* _Given information_
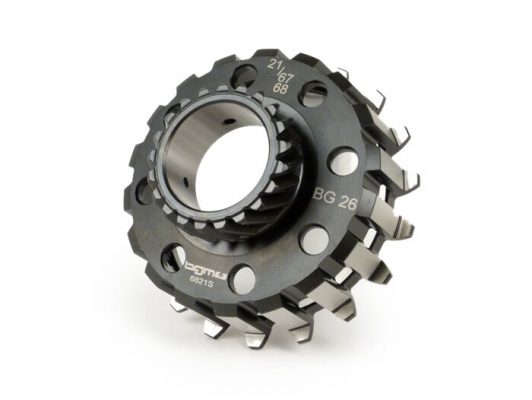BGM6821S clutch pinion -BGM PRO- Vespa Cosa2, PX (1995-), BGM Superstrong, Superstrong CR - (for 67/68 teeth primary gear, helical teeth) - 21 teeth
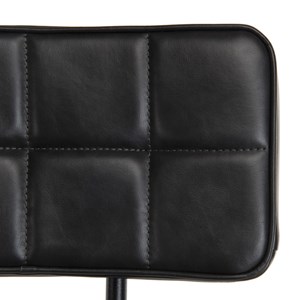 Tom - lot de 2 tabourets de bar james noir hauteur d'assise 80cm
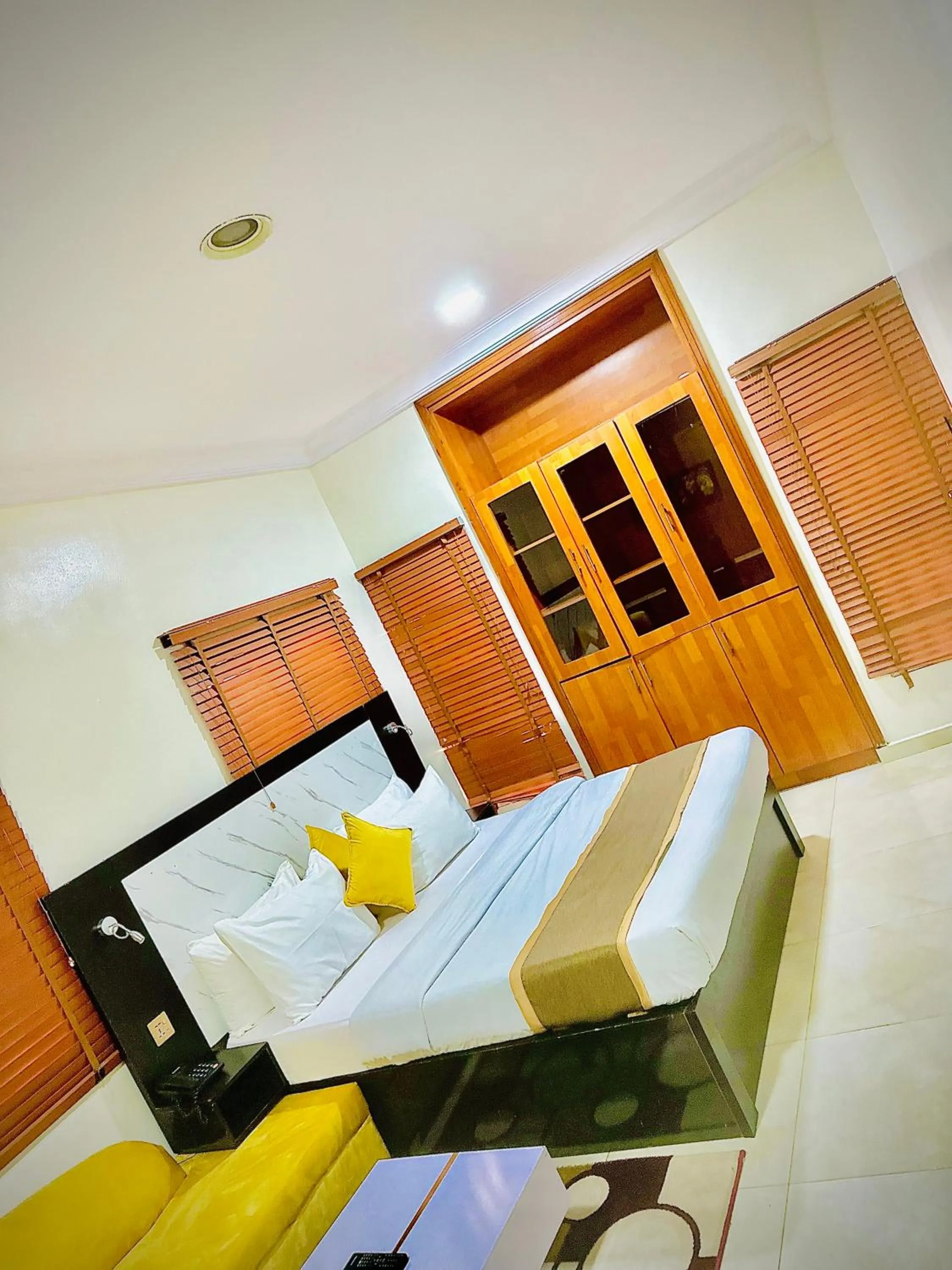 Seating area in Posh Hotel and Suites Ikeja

* * *

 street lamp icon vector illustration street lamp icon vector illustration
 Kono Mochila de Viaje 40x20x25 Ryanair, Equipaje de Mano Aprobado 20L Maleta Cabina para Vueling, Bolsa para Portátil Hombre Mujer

* _Directions for this task_
Only one part of the listing is wanted: the lines from the one containing "BGM6821S clutch pinion" through the one containing "Seating area in Posh Hotel and Suites Ikeja", both included. Please transcribe it exactly, leaving out the pictures.

* _Solution below_
BGM6821S clutch pinion -BGM PRO- Vespa Cosa2, PX (1995-), BGM Superstrong, Superstrong CR - (for 67/68 teeth primary gear, helical teeth) - 21 teeth
 Tom - lot de 2 tabourets de bar james noir hauteur d'assise 80cm
 Seating area in Posh Hotel and Suites Ikeja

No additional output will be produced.